Logarithmic Equations
Logarithmic equations involve variables located within a logarithm. Solving them usually requires using logarithmic properties and transforming them into a different form. Let's break down the process.
- Convert logs to a common base: Consider the transformation using the change of base formula. For example, for the terms \(\log_2 x\), \(\log_4 x\), and \(\log_8 x\), convert them to a common base, say base 2.
- Add like terms: Once transformed, add the terms. For instance, \(a + \frac{a}{2} + \frac{a}{3} = 11\) can be solved by finding a common denominator.
- Solve for the variable: After transforming and simplifying, solve for the variable normally, such as finding \(x\) from \(2^x = \text{some value}\).
Quadratic Equations
Quadratic Equations are equations of the form \(ax^2 + bx + c = 0\). They can be solved by a variety of methods including factoring, completing the square, and using the quadratic formula. In our context, they emerged indirectly in transformed forms like \(y^2 - 2y - 3 = 0\).
- Recognize the structure: Understand when an equation can be written in a quadratic form. It might not always be explicit, so identifying patterns can help. For example, converting \(4^x = (2^x)^2\) is key.
- Factor the equation: If it factors neatly like \((y-3)(y+1) = 0\), find the solutions from the factors.

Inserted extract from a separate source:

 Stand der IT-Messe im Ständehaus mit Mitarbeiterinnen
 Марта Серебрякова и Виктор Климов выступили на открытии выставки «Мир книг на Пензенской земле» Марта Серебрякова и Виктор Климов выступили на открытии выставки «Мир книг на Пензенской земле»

- Validate solutions: Ensure they fit the original variable's conditions. For instance, discard \(y = -1\) since \(2^x\) cannot be negative.
Exponential Functions
Exponential functions take the form \(a^x\), where \(a\) is a constant, and \(x\) is the exponent. They are pivotal when variables appear as exponents.
- Transform for simplification: Convert expressions like \(4^x\) into \((2^2)^x\). Such transformations simplify the algebraic manipulation.
- Utilize logarithms for solving: If stuck with an expression like \(2^x = 3\), apply logarithms to both sides to isolate \(x\). This shifts the problem to a simpler algebraic domain.
- Understand growth and decay: Exponential functions explain rapid growth or decay, which is relevant in real-world applications beyond simple algebra problems.